- Hornby as Jack Sugden (2007)
- Born: Clive William Hornby 20 October 1944 Liverpool, England
- Died: 3 July 2008 (aged 63) Leeds, England
- Resting place: Rawdon Crematorium, West Yorkshire
- Education: London Academy of Music and Dramatic Art
- Occupation: Actor
- Years active: 1961–2008
- Known for: Role of Jack Sugden in Emmerdale (1980–2008)
- Spouse: Helen Weir ​ ​(m. 1984; div. 2000)​
- Children: 1

= Clive Hornby =

English actor and musician (1944–2008)

Clive William Hornby (20 October 1944 – 3 July 2008) was an English actor and musician, best known for his role as Jack Sugden in the ITV soap opera Emmerdale. He first appeared in the programme (then named Emmerdale Farm) in 1980, and remained in the role for 28 years.

==Career==

===Television===
Hornby appeared in various television productions including the Royal Air Force National Service sitcom Get Some In!, Space: 1999 and Minder alongside George Cole.

===Music===
During the 1960s, Hornby was a drummer with The Dennisons.

==Personal life==
Hornby was married to Helen Weir, who played his on-screen wife Pat Sugden. They had a son, Thomas, before divorcing in 2000.

==Death==
Hornby died from cancer on 3 July 2008, aged 63. He had left the soap to battle an illness. His funeral took place on 15 July 2008 at Rawdon Crematorium in Leeds.

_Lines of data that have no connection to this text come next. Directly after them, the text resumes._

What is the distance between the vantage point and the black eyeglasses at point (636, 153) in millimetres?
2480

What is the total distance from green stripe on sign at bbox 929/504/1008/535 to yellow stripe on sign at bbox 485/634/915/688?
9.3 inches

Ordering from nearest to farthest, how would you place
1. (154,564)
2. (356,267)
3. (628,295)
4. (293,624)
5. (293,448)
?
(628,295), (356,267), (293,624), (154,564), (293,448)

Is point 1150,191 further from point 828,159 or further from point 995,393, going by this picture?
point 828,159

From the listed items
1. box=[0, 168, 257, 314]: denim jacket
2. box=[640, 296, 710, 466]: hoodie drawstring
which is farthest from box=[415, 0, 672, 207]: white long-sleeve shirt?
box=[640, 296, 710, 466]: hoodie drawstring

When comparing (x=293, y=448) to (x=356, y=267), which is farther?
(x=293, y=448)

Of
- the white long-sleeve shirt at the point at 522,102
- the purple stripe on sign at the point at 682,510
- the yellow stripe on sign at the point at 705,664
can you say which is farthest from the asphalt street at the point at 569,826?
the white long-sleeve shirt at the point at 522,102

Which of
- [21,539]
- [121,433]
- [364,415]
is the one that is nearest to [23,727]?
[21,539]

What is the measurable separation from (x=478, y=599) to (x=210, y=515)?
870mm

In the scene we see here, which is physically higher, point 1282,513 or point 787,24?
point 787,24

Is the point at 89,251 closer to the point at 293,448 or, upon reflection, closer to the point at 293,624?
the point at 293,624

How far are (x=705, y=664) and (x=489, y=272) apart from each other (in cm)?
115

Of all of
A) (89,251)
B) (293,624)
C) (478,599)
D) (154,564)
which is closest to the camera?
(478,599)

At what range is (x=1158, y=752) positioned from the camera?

Hornby's character Jack Sugden was killed off in February 2009 and the character was given an on-screen funeral. Jack's dialogue from earlier episodes was used as memories for several of the characters. A vision of Jack appeared at the graveside at the end of the episode, which closed with the original Emmerdale Farm theme tune.